« En lisant, en écrivant »… (Dosette de lecture n°17) Nabokov : « Lolita »
« Des gambades coruscantes », « une eurythmie si particulière », « un regard adamantin », « des yeux smaragdins »… Il semble que le narrateur de « Lolita » ne trouve pas suffisamment de mots, ni de hauteur pour définir le charme de « sa nymphette », celle que Proust appelle « la jeune fille en fleurs » et Vian « la bobby soxer ».
Lolita est pour Nabokov une projection littéraire, une chimère dans laquelle il amalgame la pâte du langage et le feu d’une mélancolie profonde. Son héros Humbert Humbert a aimé dans son adolescence une fille de son âge qui ressemblait à Lolita et il l’a perdue tragiquement.
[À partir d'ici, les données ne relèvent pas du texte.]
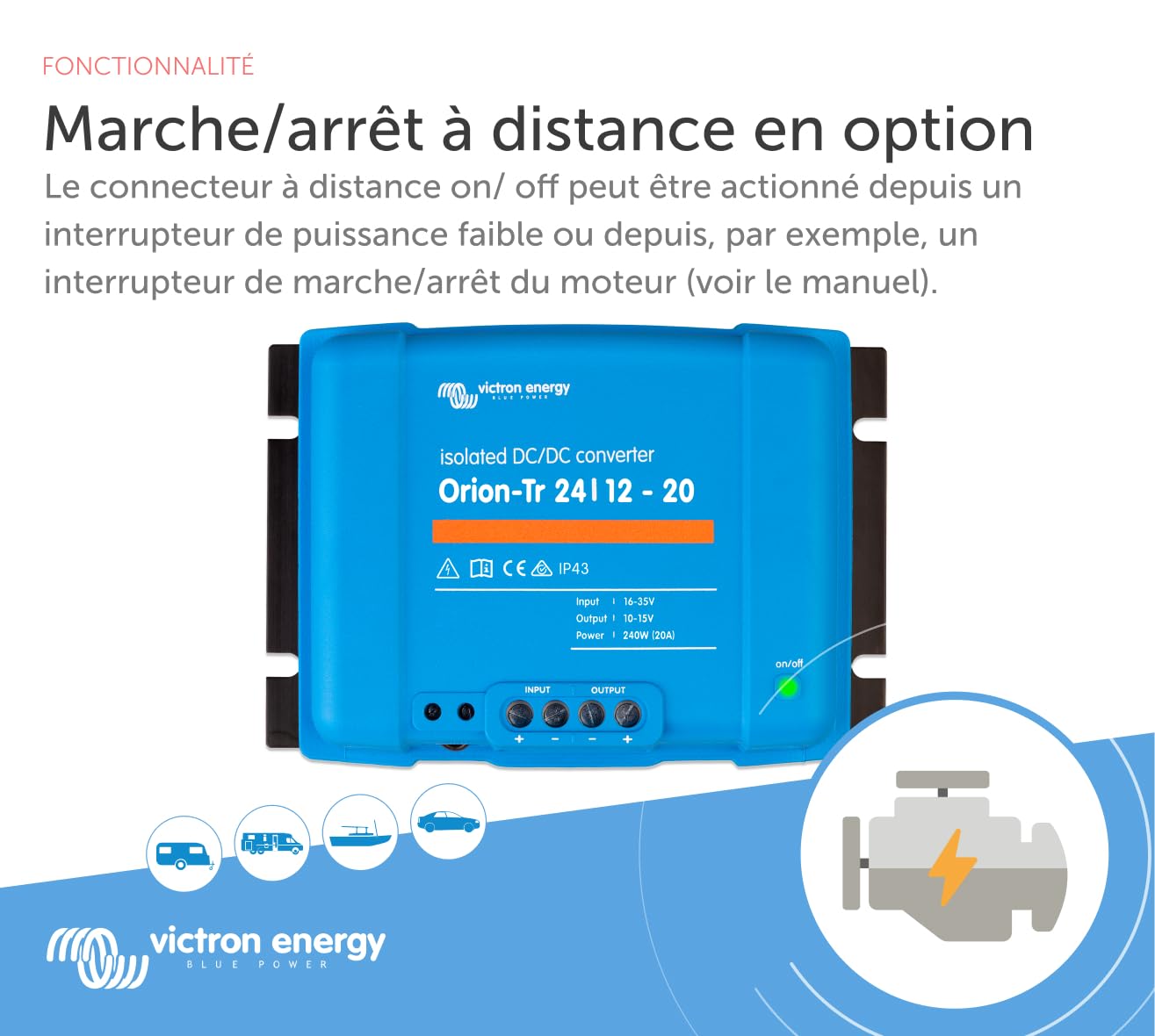 victron-energy-orion-tr-24-12-convertisseur-dc-dc-20a-240w-ip43-non-isol image 2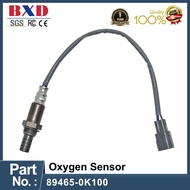 89465-0K100 Oxygen Sensor O2 Sensor Fits For Toyota Innova Fortuner Hilux 894650K100 89465 0K100 Car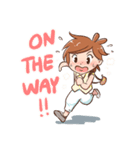 PLOY PLUS（個別スタンプ：34）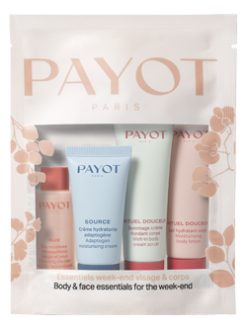 Payot Body-and-Face-Weekend-discovery-kit_2023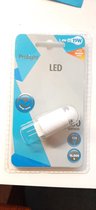 prolight led 19W 2.4W G4 fitting 180 lumen warm white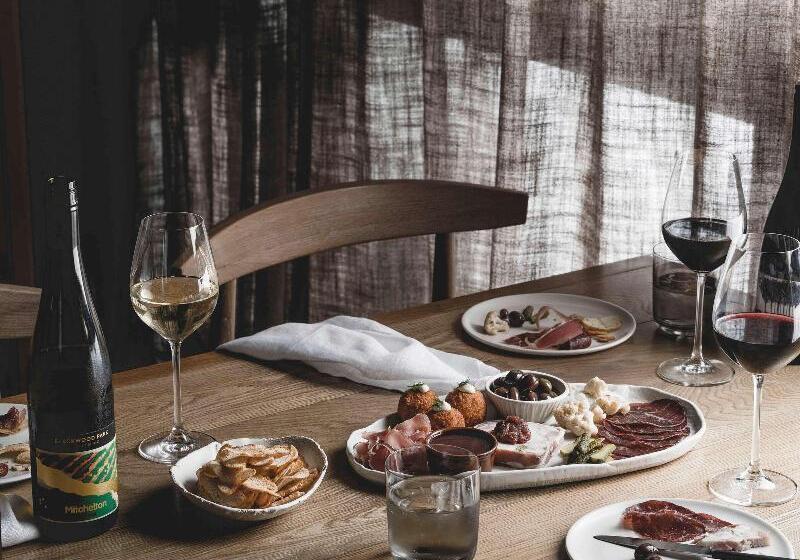 The Mitchelton Hotel Nagambie Mgallery By Sofitel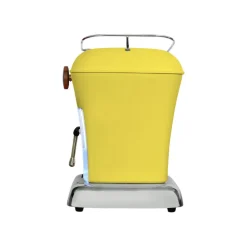 Ascaso Dream One Sun Yellow espressokeitin – puoliammattimainen, keltainen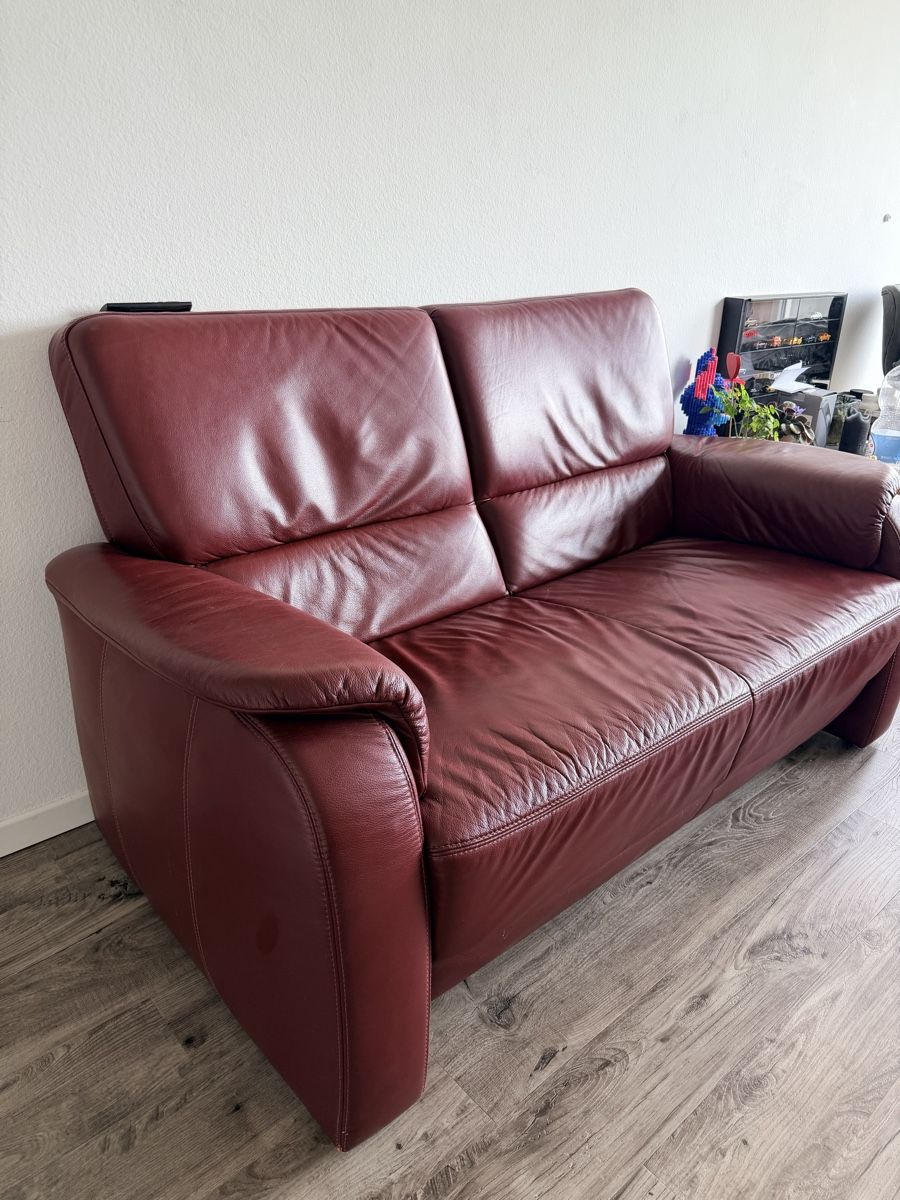 Divani: Sofa – Usato da Eschenbach SG venduto da kuc_99zc 1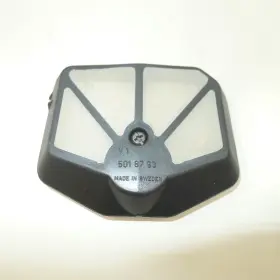 501879703 Husqvarna Oem Air Filter Nylon Mesh Black Models 254 257 154 #501879703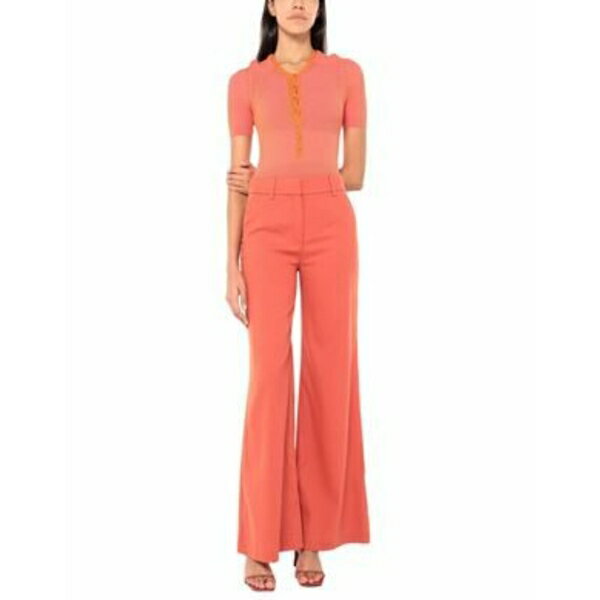【送料無料】 トゥルー ロイヤル レディース カジュアルパンツ ボトムス Pants Orange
À quarante ans passés, il explique au juge qu’il n’est pas un monstre mais une sorte de pathétique « ver de terre amoureux d’une étoile ». Pour retrouver « le vert paradis de ses amours enfantines », il est prêt à tout, « reste clapi dans l’obscurité » et se vautre dans la fange en y entraînant « la rose qui découvre qu’elle est une machine de guerre » comme l’écrit Hugo à propos de « la petite Cosette ».
Quel vertigineux abîme pour un écrivain de l’âme humaine.